** Data under study follows **
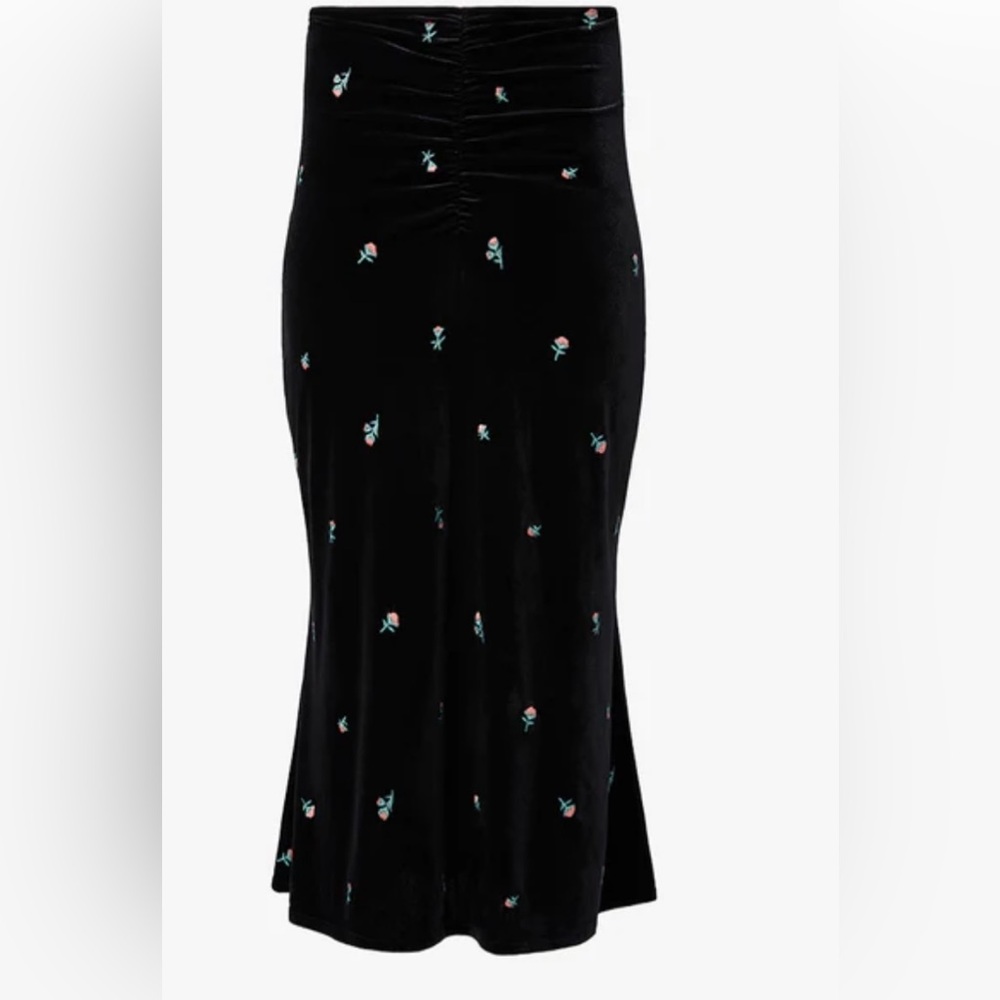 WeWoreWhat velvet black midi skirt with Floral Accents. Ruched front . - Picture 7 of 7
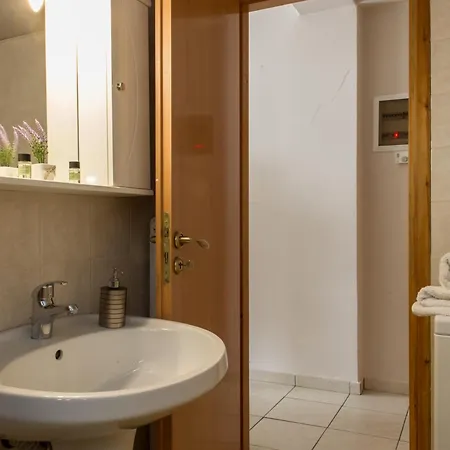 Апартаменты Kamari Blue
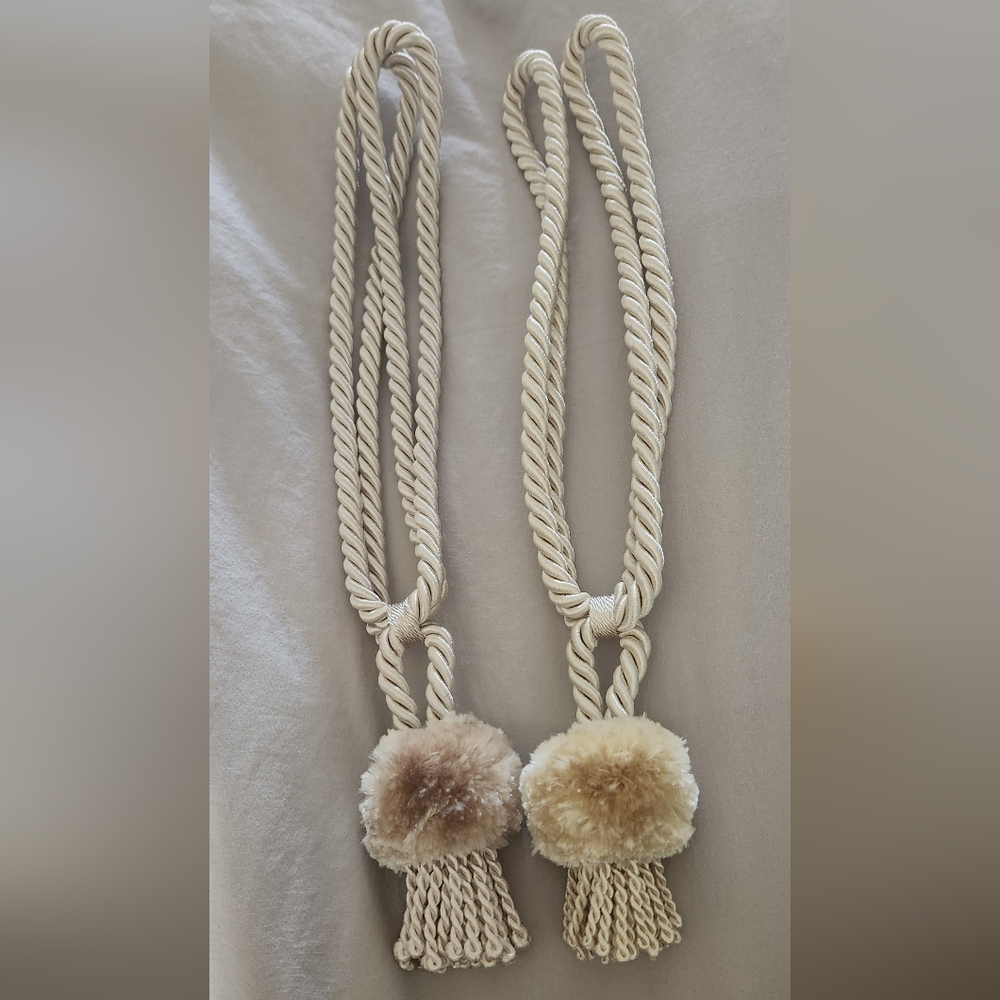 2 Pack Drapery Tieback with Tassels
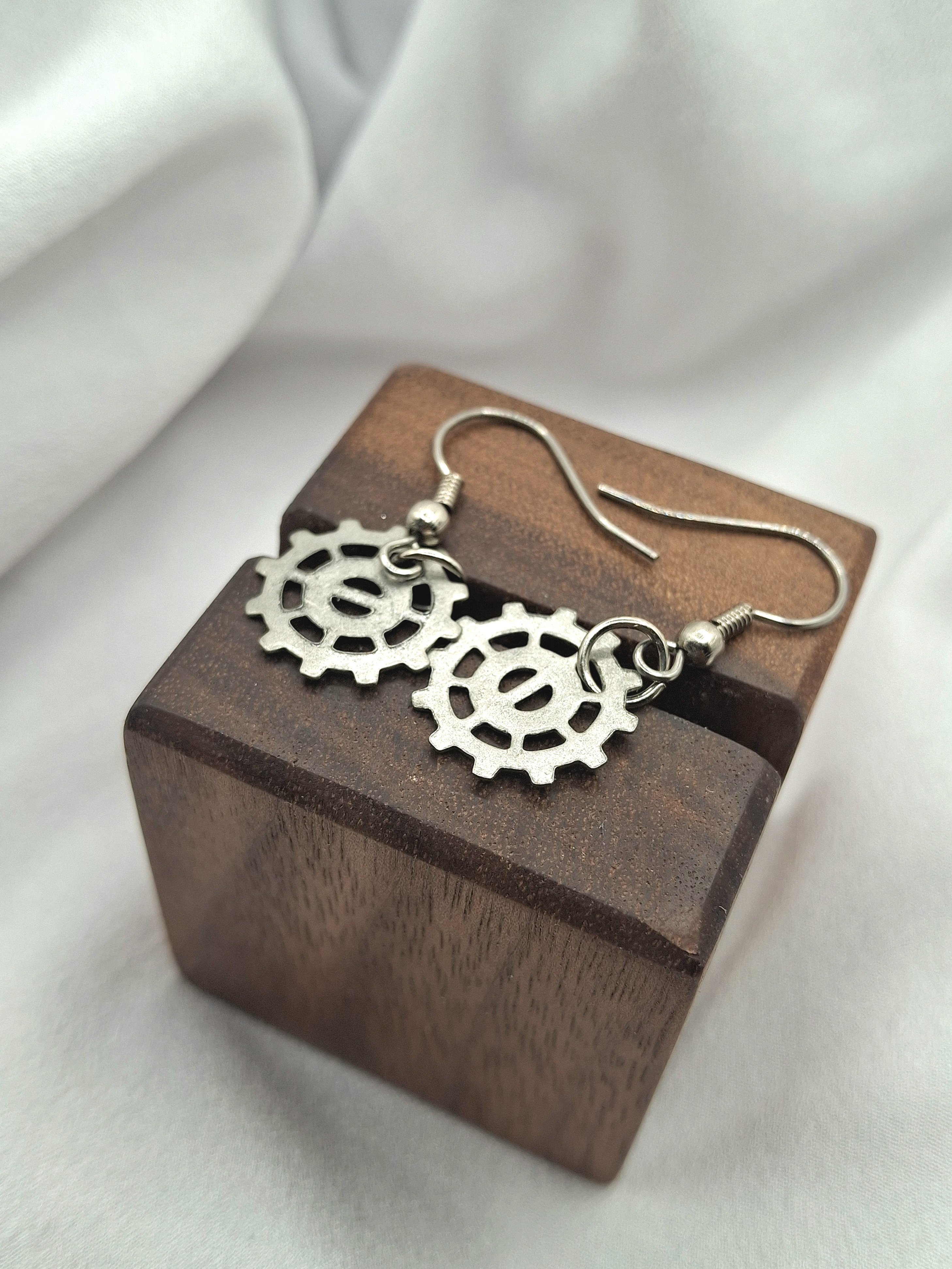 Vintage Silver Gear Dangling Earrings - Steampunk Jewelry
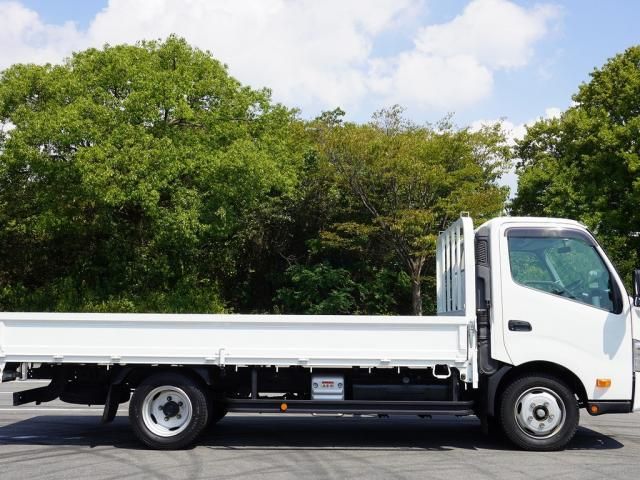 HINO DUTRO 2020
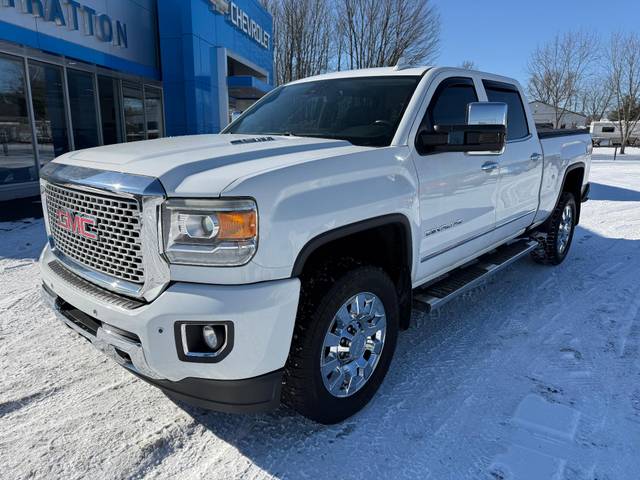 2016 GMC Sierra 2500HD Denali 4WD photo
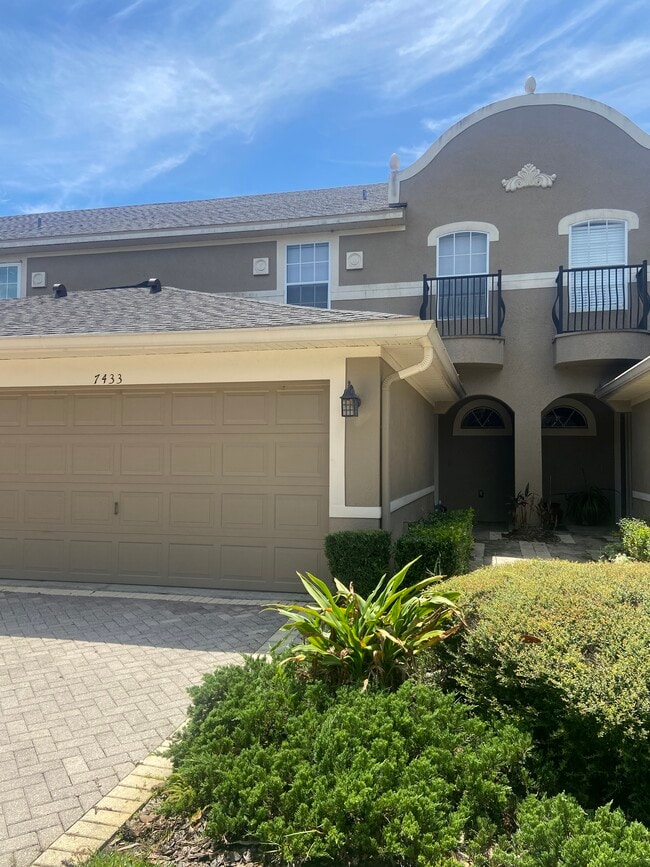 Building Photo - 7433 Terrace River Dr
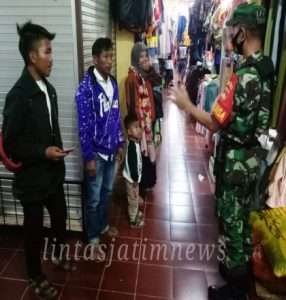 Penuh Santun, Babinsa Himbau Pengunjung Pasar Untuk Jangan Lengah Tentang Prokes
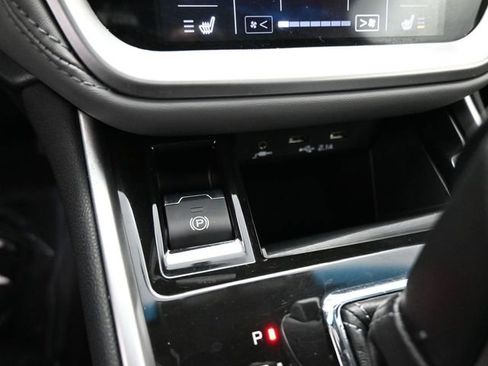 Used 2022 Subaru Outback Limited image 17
** End of Data under study **
What to work on:
One exact copy of the data, no pictures: write it out line for line.

Output of the task:
 WeWoreWhat velvet black midi skirt with Floral Accents. Ruched front . - Picture 7 of 7
 Апартаменты Kamari Blue
 2 Pack Drapery Tieback with Tassels
 Vintage Silver Gear Dangling Earrings - Steampunk Jewelry
 HINO DUTRO 2020
 2016 GMC Sierra 2500HD Denali 4WD photo
 Building Photo - 7433 Terrace River Dr
 Penuh Santun, Babinsa Himbau Pengunjung Pasar Untuk Jangan Lengah Tentang Prokes
 Used 2022 Subaru Outback Limited image 17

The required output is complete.